3.5 Extension activities
The extension activities are designed to get yourself prepared for the Assignment 2 in progress. For this week, try whether you can:
Present descriptive statistics for independent variable and the dependent variable: counts, percentages, a centrality measure, a spread measure, histograms or any relevant statistic
Report the observed association between the dependent and independent variables: correlation plus a graphic or tabular visualisation
Briefly describe and critically discuss the results
Think about other potential factors of long-term illness and income, and then test your ideas with linear regression models
Summaries your model outputs and interpret the results.

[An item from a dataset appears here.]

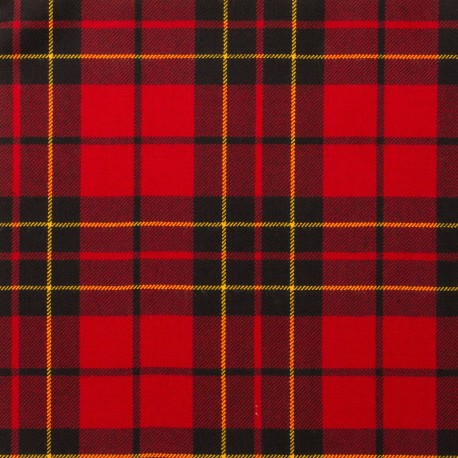 Brodie Red Modern 100% Pure New Wool Tartan Fabric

Answer of the written down model and Q5
The model of the new region label is: pct_Long_term_ill (%) = 47.218+ (-0.834)* pct_Males (%) + 0.472 * pct_No_qualifications (%) + 1.072*Other Regions in England + 4.345* Wales
So if the values of variables pct_Males, pct_No_qualifications, and pct_Higher_manager_prof are 49, 23 and 11,
the model of Wales will be: pct_Long_term_ill (%) = 47.218+ (-0.834)* 49 + 0.472 * 23 + 1.072*0+ 4.345* 1 = 21.553 (you can direct paste the number sentence into your R studio Console and the result will be returned)

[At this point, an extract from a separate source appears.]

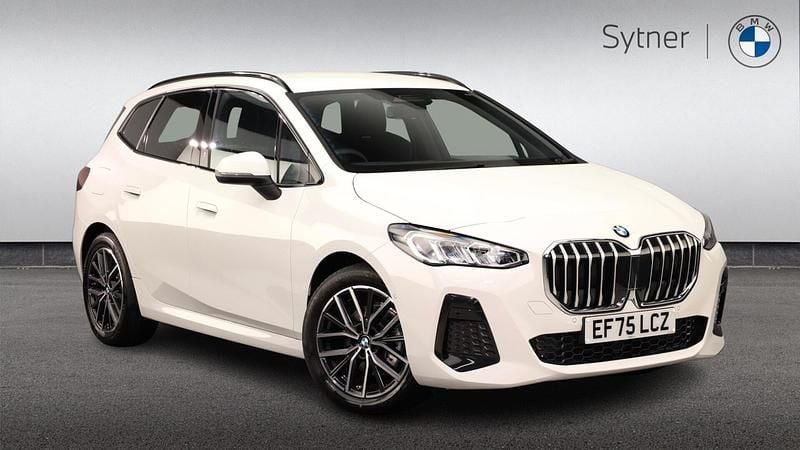 Used BMW 220 Active Tourer M Sport 168 HP (123 kW) 2025 White MPV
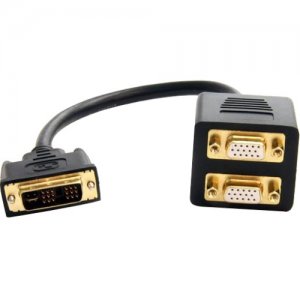 StarTech.com DVISPL1VV 1 ft DVI-I Analog to 2x VGA Video Splitter Cable - M/F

the model of London will be: pct_Long_term_ill (%) = 47.218+ (-0.834)* 49 + 0.472 * 23 + 1.072*0+ 4.345* 0 = 17.208
Therefore, the percentage of persons with long-term illness in Wales and London be 21.533% and 17.208% separately. If you got the right answers, then congratulations you can now use regression model to make prediction.